You do need an email program though, such as Outlook. If you don’t have Outlook, you can use Windows Live Mail (which is free). My email program is Outlook so I will use that for the example screenshots.


If you already use Outlook for your email, it’s already set up with all of your genuine account information – that’s how it’s able to send and receive your email. But for this little trick, you need to go into the email settings and change a few things. The settings window looks like this:



 


You can see there are 3 main sections. In order for your email to send and receive properly in your account, the “Server Information” and “Logon Information” sections cannot be changed. However, with few exceptions, you can put whatever you want in the first section, “User Information”.


So if we want to pretend we’re someone else that sent the email, we just change the information in that top section. It might look like this (I don’t actually know Oprah’s email address):



 


With those settings in place, I can send out an email to impersonate Oprah. When my friend Maria receives it, she would see something like this:



 


If she clicks “Reply”, her Reply email will be addressed to Oprah@oprah.com (not to me, even though I actually am the one that sent the email). If the email that I sent bounces, it will bounce back to the “From:” address (not to me, even though I sent it). That’s the important thing to note here – anytime an email bounces, it bounces back to whatever address is listed in the “From:” field.


So with that example in mind, let’s look at how this is used in the real world – by spammers.


A spammer might have a list of a million email addresses that he wants to send to. He wants to send his spam email out to those millions of people, but of course he doesn’t want them to know that HE is the one that sent it. So he puts a different email address in the “From:” field. He might even put YOUR email address as the “From:” address.


See where we’re going with this?


He sends out those million emails, and most of them get delivered to the proper recipient (even if they go to the Spam folder, they at least made it to the right email address). But with that many emails, some of them are going to be outdated or incorrect. So they bounce. And guess where they bounce? You guessed it – they bounce back to the “From:” address, and if that’s your email, they start showing up in your inbox.

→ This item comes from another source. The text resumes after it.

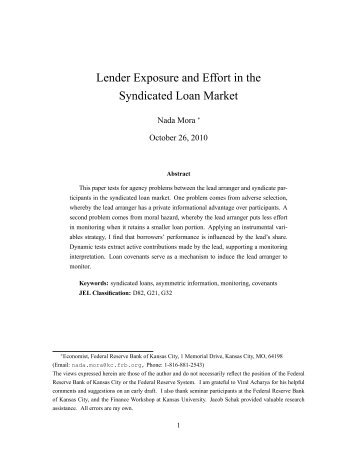 Lender Exposure and Effort in the Syndicated Loan Market.pdf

That’s how you end up with all those bounced emails in your inbox, that appear to have been sent from you, but they really weren’t. And the spammer didn’t have to hack into your email account in order to make that happen. All he needed was an email address, and he happened to use yours. Bad luck for you, but at least your email account hasn’t been compromised.


It’s like if you mailed out 100 letters by snail mail, and instead of your own address in the top left corner of each envelope, you put your neighbor’s address. If the Post Office returned any of those, they would be returned to your neighbor, not you.


How to verify that your email account is safe: just look in the “Sent” folder and see if any of those bounced emails show up there as actually having been sent from your account. If they aren’t there, your account didn’t send them.


Disclaimer: there are exceptions (although very unlikely) to this explanation. And the scammers and spammers are constantly dreaming up new ways to game the system. But for the most part the scenario I talked about is the most common procedure.


And as always, if your email password consists of one or more pronounceable words, or is easy to remember, it’s going to be easy for the bad guys to guess – so change it to a strong one today!